Cambridge, MassachusettsWednesday, July 31, 2013, 16:00 Hrs  [IST]

BIND Therapeutics, a clinical-stage nanomedicine platform company developing targeted and programmable therapeutics called Accurins, has dosed the first patient in a phase II clinical trial to assess the safety and efficacy of BIND-014, a PSMA-targeted Accurin containing docetaxel, as second-line therapy in patients with non-small cell lung cancer.

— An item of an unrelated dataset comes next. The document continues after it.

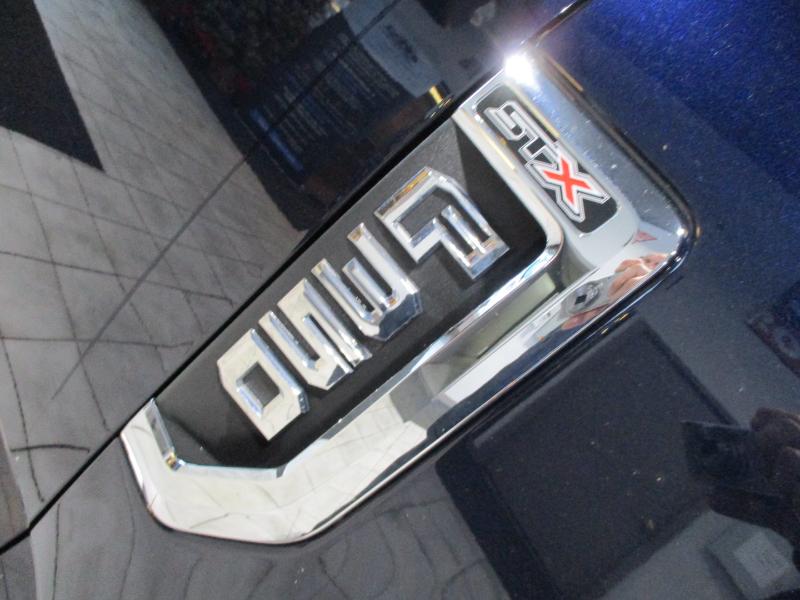 Ford F-350 SD XLT SuperCab 4WD 2022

"There are limited options for patients with advanced non-small cell lung cancer in the second-line setting. We are pleased our phase I trial of BIND-014 established the safety profile and appropriate phase II dose for this drug candidate, and we are advancing BIND-014 into phase II development to further evaluate its clinical activity as a potential treatment option for patients who are in need of more effective therapies," said Gregory Berk, MD, chief medical officer of BIND Therapeutics.

This 40 patient, open label, single arm, multi-center study is designed to determine the efficacy of BIND-014 as measured by objective response rate in patients with Stage III/IV non-small cell lung cancer who have failed one prior platinum-containing chemotherapy regimen for advanced or metastatic disease.

BIND-014 represents the first Accurin nanomedicine to reach the clinic from BIND's Medicinal Nanoengineering platform. BIND-014 targets prostate-specific membrane antigen (PSMA), a target expressed on prostate cancer cells and the blood vessels of many types of non-prostate solid tumors, and contains docetaxel, a clinically-validated and widely used chemotherapy drug. Docetaxel is currently FDA-approved for the treatment of breast cancer, non-small cell lung cancer, metastatic castrate-resistant prostate cancer, head and neck cancer, and gastric cancer.

Accurins are BIND's targeted and programmable therapeutics, which are designed, utilizing BIND's medicinal nanoengineering platform, with specified physical and chemical characteristics to target specific cells or tissues and concentrate a therapeutic payload at the site of disease to enhance efficacy while minimizing adverse effects on healthy tissues. Accurins are polymeric nanoparticles that incorporate a therapeutic payload and are designed to have prolonged circulation within the bloodstream, enable targeting of the diseased tissue or cells, and provide for the controlled and timely release of the therapeutic payload. BIND has demonstrated in preclinical studies that Accurins can improve tumor growth suppression, achieve higher concentrations of the payload in tumors compared to the payload administered in conventional form, and have pharmacokinetics and tolerability differentiated from their therapeutic payloads.